From these words the inference has often been
made that it will be only when Messiah comes in person to his nation and they
look up to him in person, that repentance will sweep through the whole of Jewry.
This view depends entirely on the phrase: "look upon him” and on no
other supporting passage. But more exactly the Hebrew reading is: "they shall
look unto him". This reading conveys a very different idea - that of
dependence in time of need. The preposition and meaning are the same as at the
end of Numbers 21:9.
It is important, however, to avoid the assumption
that this impressive Scripture requires that there must be universal repentance
in Jewry. If we must wait for that, Messiah will never come. Does not Zechariah
13:9 foretell that "I (God) will bring the third part (i.e. the minority)

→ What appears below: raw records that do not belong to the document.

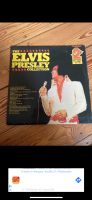 The Elvis Presley Collection 2 Schallplatten Vinyl Hessen - Wiesbaden Vorschau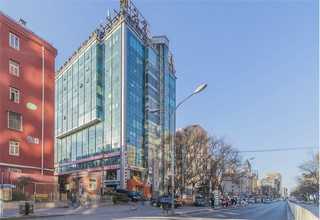 信息化异形屏批发价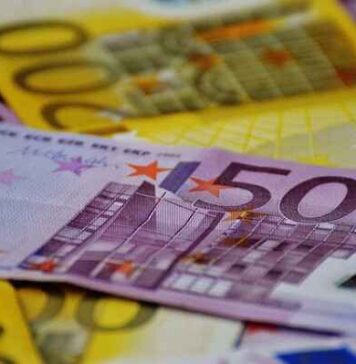 Stoneweg EREIT issues €500m green bond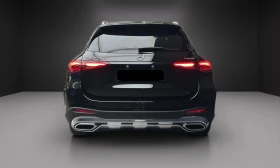 Mercedes-Benz GLC 220 d 4Matic AMG-Line, снимка 5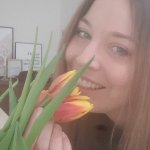 Christine Sucht Urlaubspartner aus Worms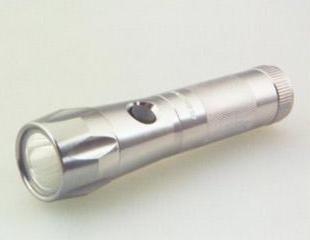 Flashlight - 2138 - Easy International Trade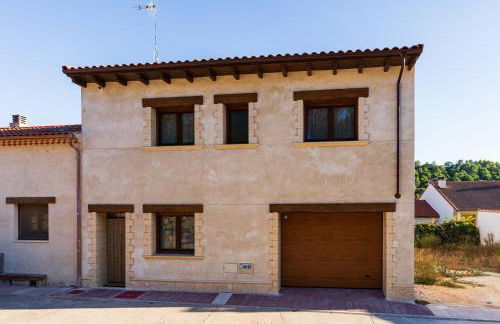 Casa Teresa - Foto 1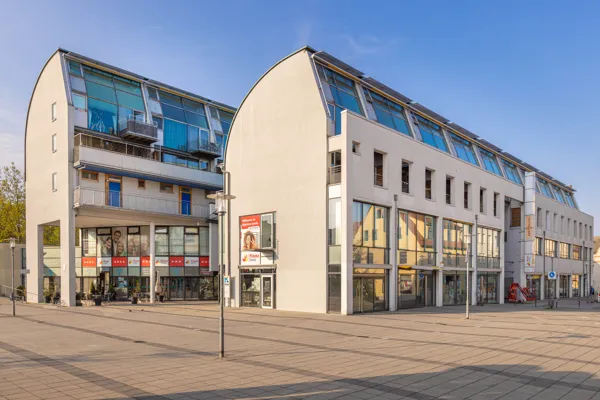 Sonstiges in Merseburg, Bild 10 von 15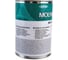 Пластичная смазка Molykote BR2 Plus, 1 кг 4112543 2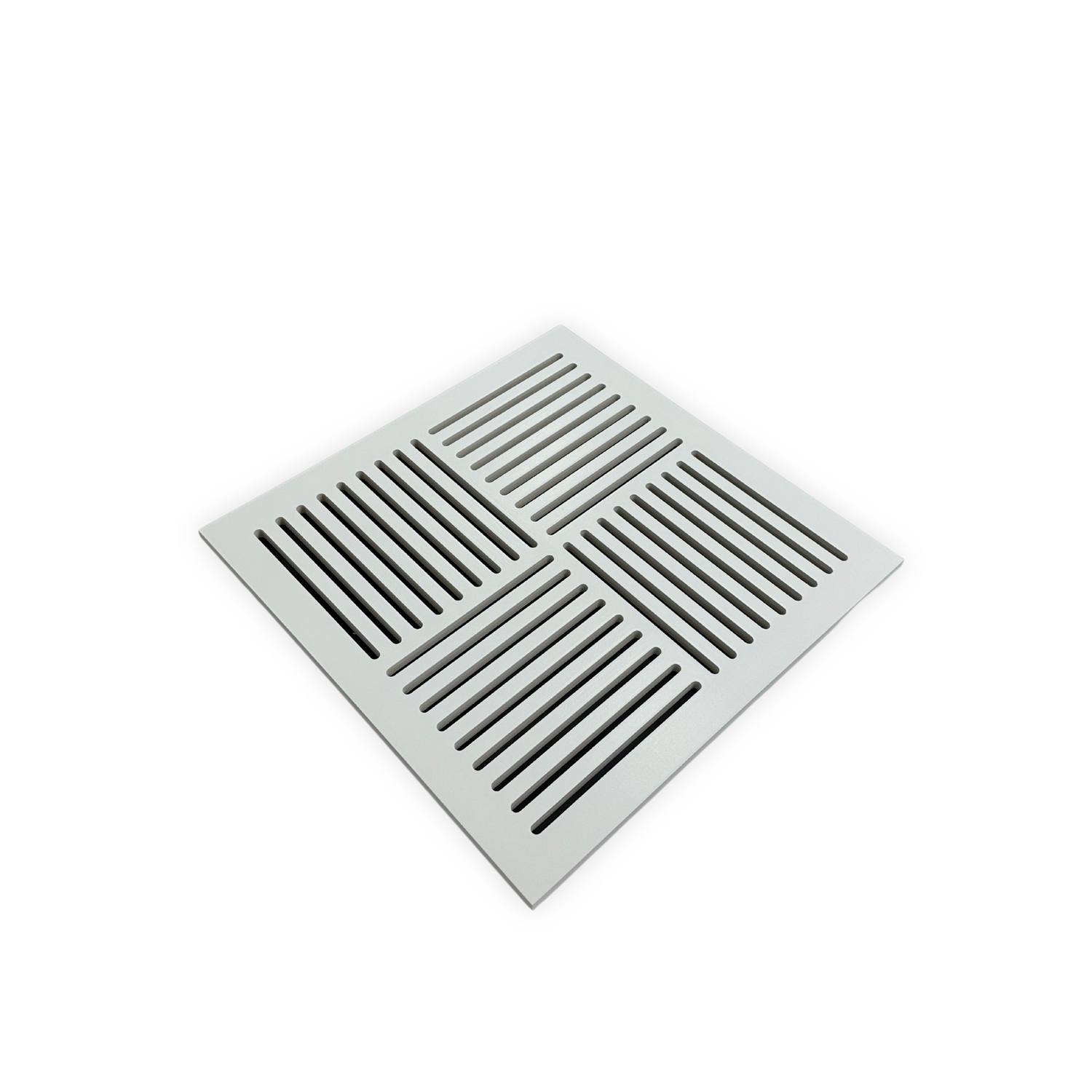 Air Vent Covers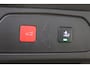 Opel Grandland 1.6 Turbo Plug-In Hybrid Ultimate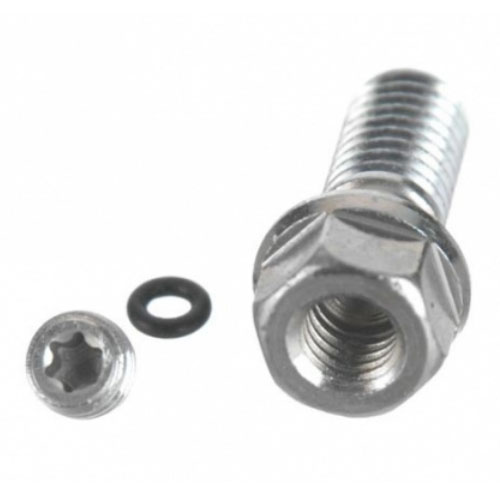 Custom cavum tuberis fulmen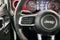 2019 Jeep Wrangler Rubicon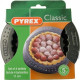 PYREX Формы тарталетки набор 4 шт MBCST11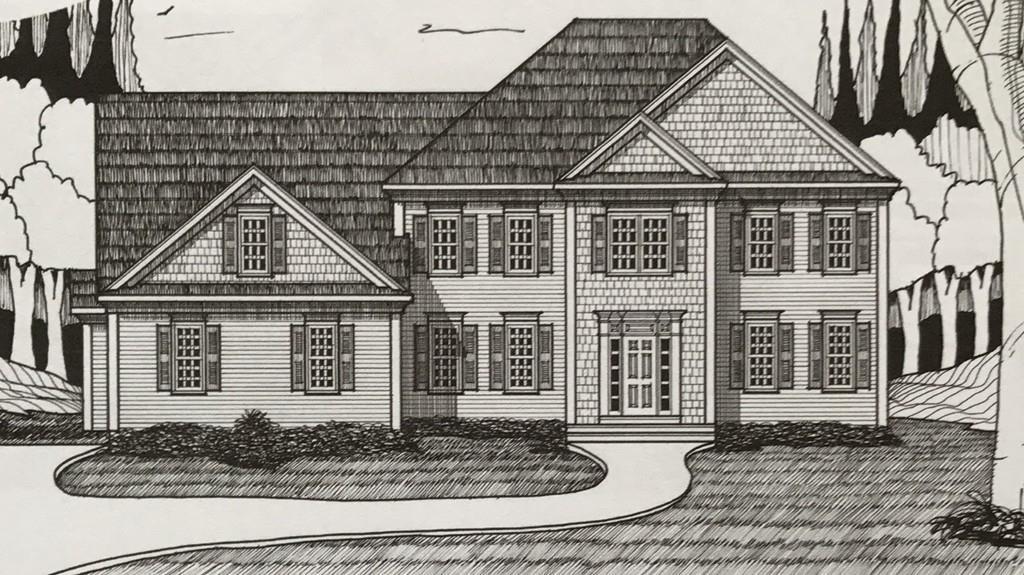 00 Clearview Street - Photo 1
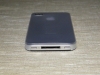 cellular-line-035-frosted-iphone-4s-pic-13
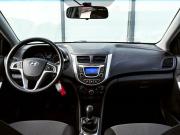 Hyundai Solaris I Екатеринбург  - изображение 41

through the fire, and will refine them as silver is refined... they shall call
on my name, and I will hear them: I will say, It is my people, and they shall
say, The Lord is my (not: our) God"?
Is it not a fact that right through history the
majority of Israel have been unworthy of their name? The prophets’ -
Isaiah and Amos especially- were constantly driven to make appeal to the
faithful remnant of the nation.
It is surely one of the most eloquent signs one
could wish to see that, whereas through long centuries conversion of Jews to any
form of Christian faith has been virtually impossible, today there exist in the
Land small scattered communities of practising Jews who believe Jesus to be the
Messiah. True, a big majority of these have come under the aegis of pentecostals
and other trinitarians. It is a well-earned reproach that the New Israel,
willing to spend any amount of money on sun-bathing and tourism in the Holy Land
have not bestirred themselves to find and help these Messianic Jews to a fuller
faith.
It is well known that in the United States and in
not a few other countries this belief in Jesus as Messiah has taken root amongst
Jewish communities. One is reliably informed that in London and other U.K.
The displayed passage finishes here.